Check Images: Check that all images have an alt text description. You can see this is the Order panel. If there are images with missing alt text descriptions, go back to the source document and add them.
Check Data Tables: If your source document has data tables, use the Tags Panel to make sure that they are tagged correctly.
Check Links: Make sure that all active links are tagged correctly in the Tags Panel and work correctly.
Display Document Title: To display the document title instead of the file name, go to File > Properties > Initial View and select Document title from the Show drop down box.
There are other tools in Acrobat Pro available to ensure accessibility. Go to Tools > Accessibility and select Full Check to check the entire document for issues. The Accessibility tool also gives users the ability to correct missing alt text and correctly tag form fields from within Acrobat Pro.
Avoid using scanned documents. If you have scanned a document that you want included in a PDF for the web, it must be recreated (using the proper structuring described above) in a publishing program such as Microsoft Word and converted to PDF.
Testing for Accessibility
To ensure that your document is accessible and functions properly, visit the NVDA website and download their open source screen reader application. This will allow you to double-check the order of your document and ensure that it will be read correctly by such devices.

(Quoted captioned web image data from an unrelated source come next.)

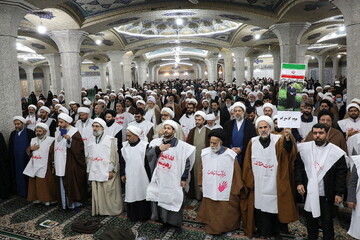 فیلم | گفت‌وگوی خبرنگار حوزه با شرکت کنندگان در اجتماع حوزویان در دفاع از قرآن و مقدسات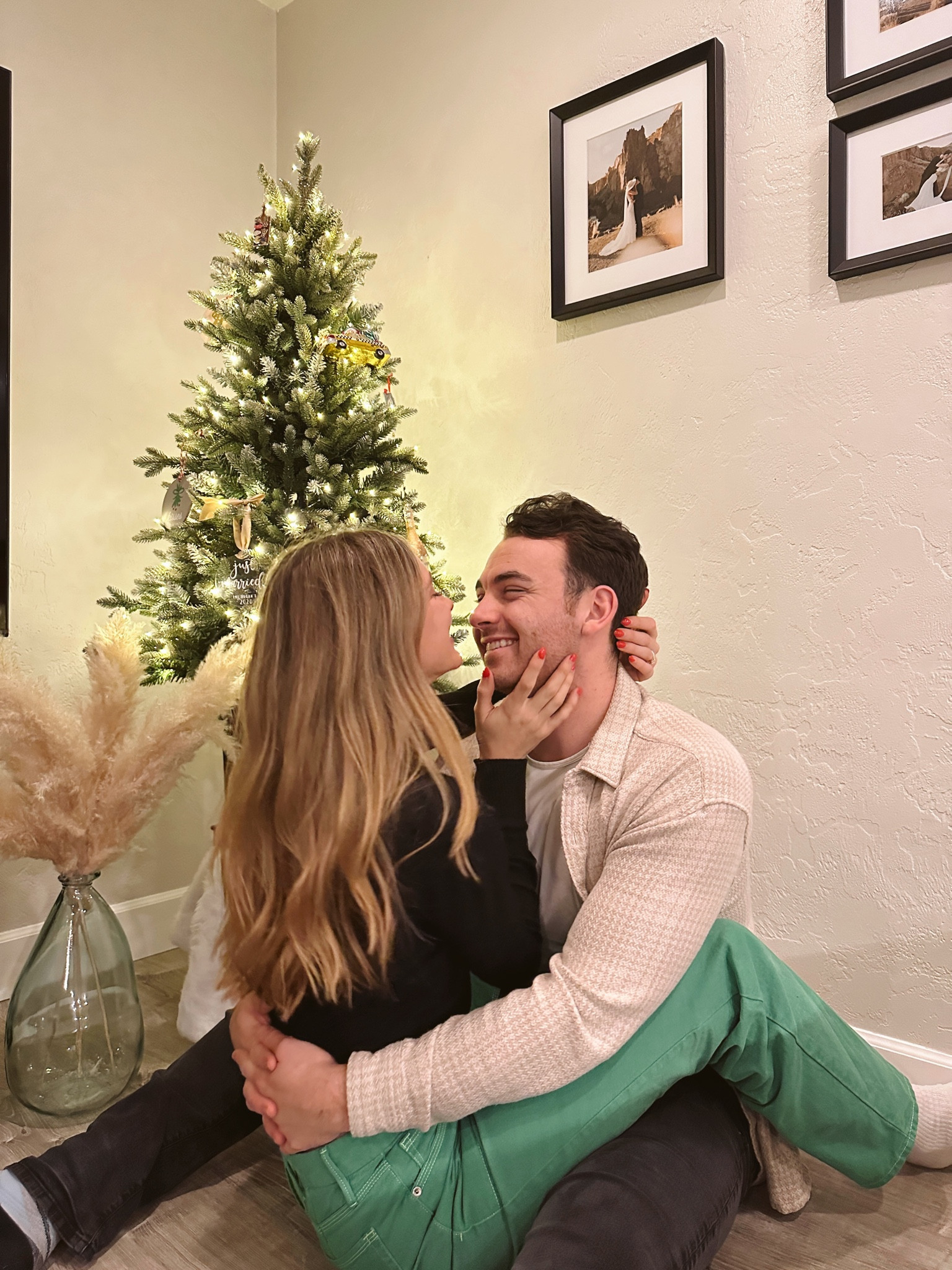 Christmas snuggles

#LTKmens #LTKSeasonal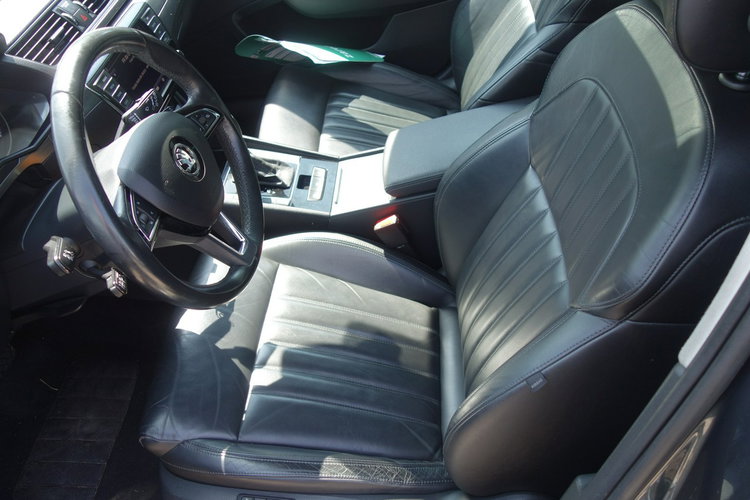 Superb Skoda Superb 2016 2.0 TDI 190km automat dobrze wyposażona zdjęcie 18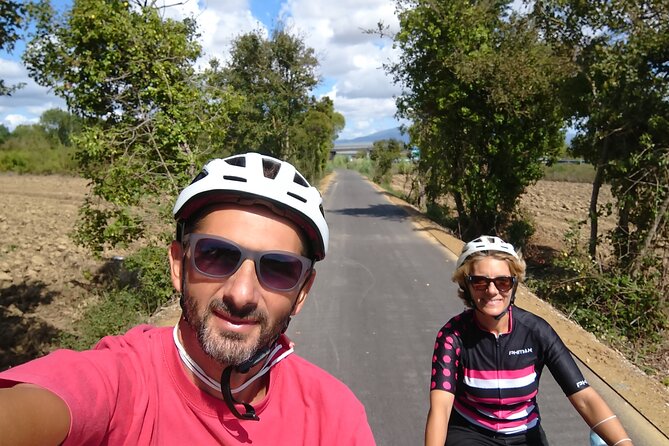 Pisa to Lucca Self-Guided Bike Tour Along the Puccini Trail - Start at Smile & Ride: quick setup, then you’re rolling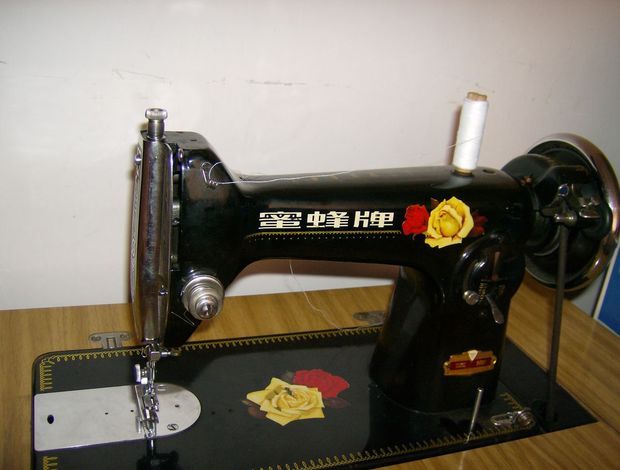 在线急等啊 老式蜜蜂牌缝纫机不会穿线了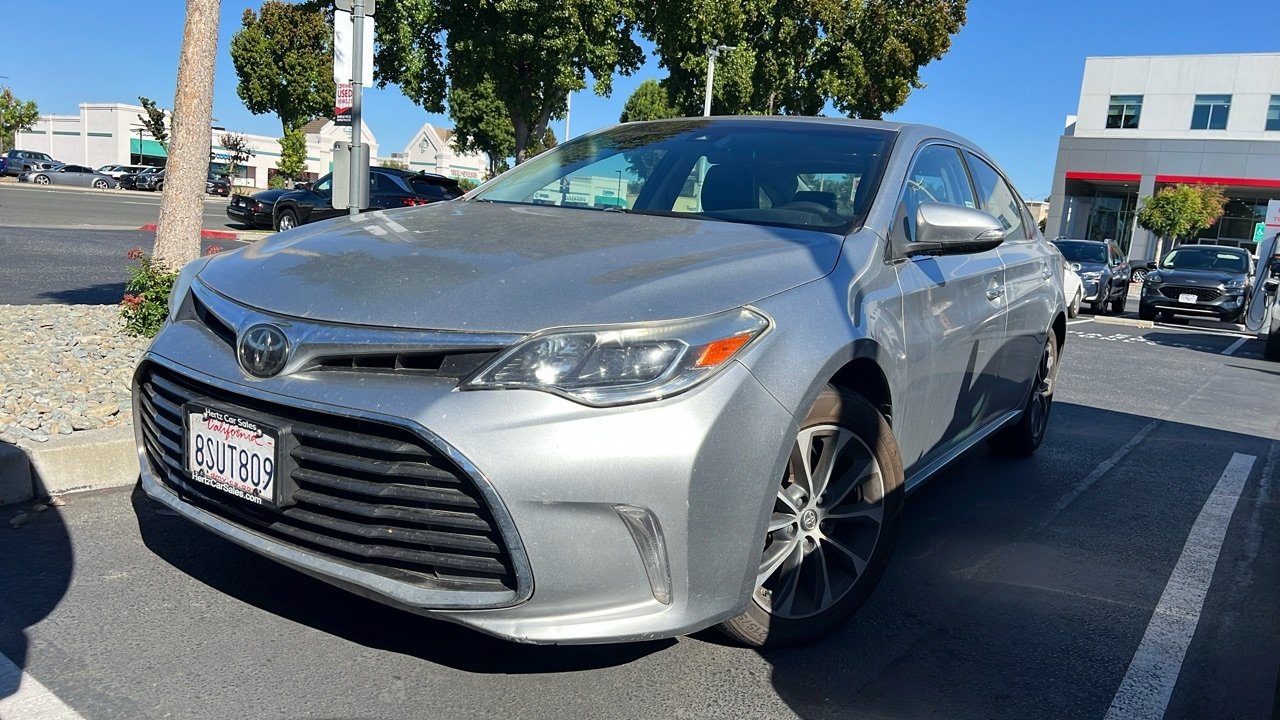 2018 Toyota Avalon XLE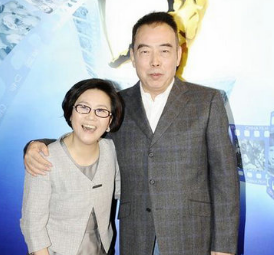 李少红|周迅陈坤贺恩师李少红得奖，晒合照P上杨幂，荣信达的辉煌为何止于他们？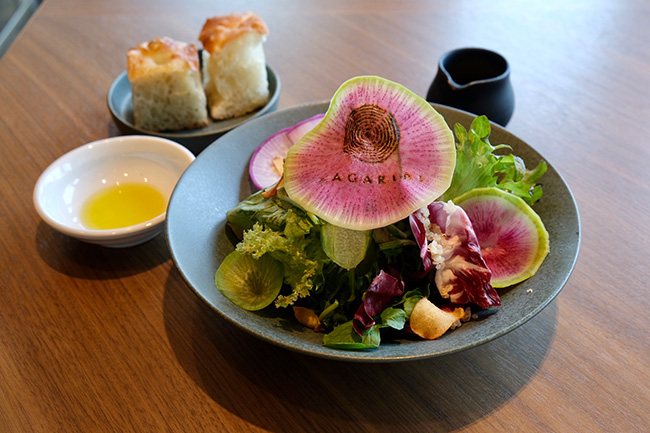 柳沢農園の野菜を使った「KABARIBIインサラータ」と「プレーンフォカッチャ」と「ローズマリーのフォカッチャ」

Please note that while third-party applications are available for installation on home computers, they must be installed by ITS on HFC systems. If you need NVDA installed to your HFC computer please submit a request ticket to ITS.
Additionally, Adobe Acrobat Pro has a Read Out Loud function that you can use by going to View > Read Out Loud > Activate Read Out Loud. This is similar to a screen reader and will give you a good idea of how your document might be read by someone using a similar device.